Ranger
Ranger is a generic range-based sharding framework, inspired by Facebook's
Shard Manager and Google's Slicer. It provides a client library
(rangelet) for sharded services to embed, a controller (rangerd) to assign key
ranges to them, and a client (rangerctl) to interact with the cluster. It's
designed in particular to support stateful workloads, which need to move around
large amounts of data in order to rebalance, but should be useful to stateless
workloads wanting key affinity, too.
The goal of Ranger is for generic automatic sharding to be the default choice:
it should be easier to build and operate an automatically sharded service using
Ranger than one which is manually sharded. I'm working on it because I'm
acquainted with many systems which would benefit from such a thing existing.
Examples
Usage
Terminology
The terms used by Ranger are standard, but necessarily vague:
- Key: The atomic unit of sharding, which cannot be split further. An opaque
string of arbitrary bytes.
- Keyspace: The set of every possible key, from negative to positive
infinity.
- Range: A set of keys from start (inclusive) to end (exclusive) within
a keyspace.
- Node: Any service implementing the Node interface and
being discoverable by the controller.
- Placement: An instance of a Range on a Node. Depending on the replication
config, might be the only instance of a range, or might be one of many.
Interface
Services implement the Node interface, via Go or
gRPC:
Prepare(RangeMeta, []Parent) error
Prepare to own the given range. This can take as long as necessary, while the
node allocates relevant data structures, fetches state, replays logs, warms up
caches, etc. Meta
contains the range ID, start key, and end key.
Activate(RangeID) error
Accept ownership of the given range. This will only be received after the node
has finished preparing or (in error conditions) after deactivating the range.

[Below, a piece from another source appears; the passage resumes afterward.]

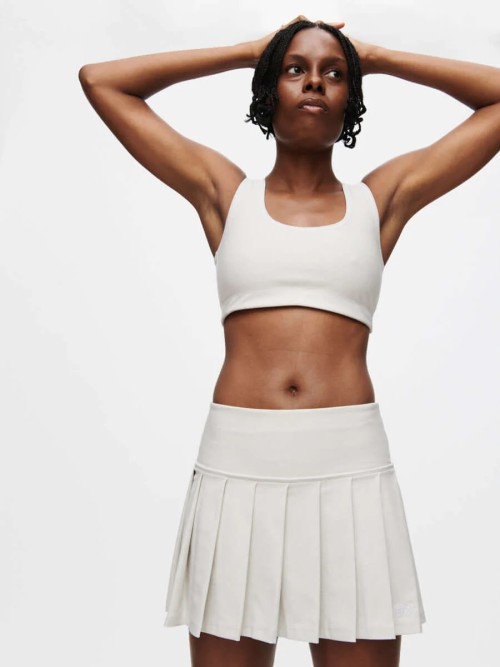 Custom Spring and Summer New Style Striped Elastic Waistband Sports High-Waisted Slimming Fitness Pants Tennis Skirt Set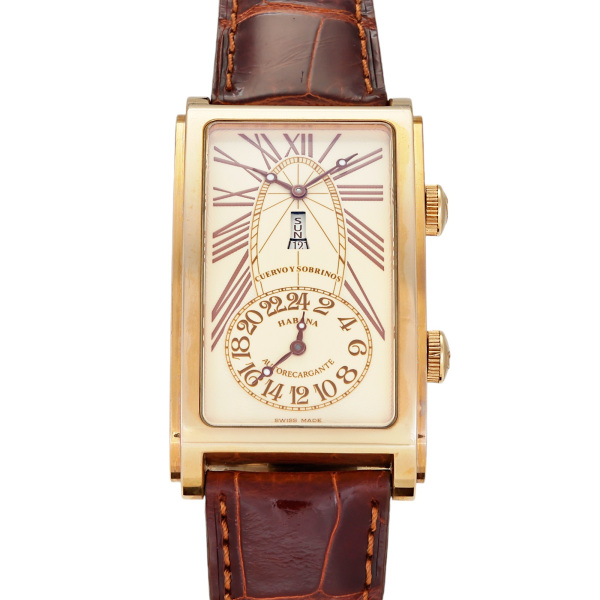 cuervoysobrinos prominente クエルボ・イ・ソブリノス プロミネンテ デュアルタイム デイデイト 1124-8cg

It should be fast and unlikely to fail.
Deactivate(RangeID) error
Relinquish ownership of the given range. This will only be received for active
ranges. It should be fast and unlikely to fail, and where possible, easy to
roll back.
Drop(RangeID) error
Forget the given range, and release any resources associated with it. All of
the keys in the range have been successfully activated on some other node(s),
so this node can safely discard it.
GetLoadInfo(RangeID) (LoadInfo, error)
Return standard information about how much load the given range is exerting on
the node, and optionally suggest where to split it.
The RangeMeta
, Parent
, RangeID
, and LoadInfo
types are pretty simple,
and can be found in the pkg/api package. Once a service implements
these methods (and makes itself discoverable), the Ranger controller will take
care of assigning ranges of keys, including the tricky workflows of moving,
splitting, and joining ranges, and automatically recovering when individual
steps fail.
This is a Go interface, but it's all gRPC+protobufs under the hood. There are no
other implementations today, but it's a goal to avoid doing anything which would
make it difficult to implement Rangelets in other languages.
Example
// locking and error handling omitted for brevity
// see examples dir for more complete examples
func main() {
node := MyService{}
srv := grpc.NewServer(opts...)
rglt := rangelet.New(node, srv)
srv.Serve()
}
type MyService struct {
data [api.RangeID]PerRangeData
}
type PerRangeData struct {
hits map[api.Key]uint64
writable bool
}
func (s *MyService) Prepare(meta api.Meta, parents []api.Parent) error {
data := PerRangeData{
hits: map[api.Key]uint64{},
}
// Load data here; maybe from a recent S3 snapshot.
s.data[meta.Ident] = data
return nil
}
func (s *MyService) Activate(rID api.RangeID) error {
// Complete data load here; maybe fetch delta from S3 or other node.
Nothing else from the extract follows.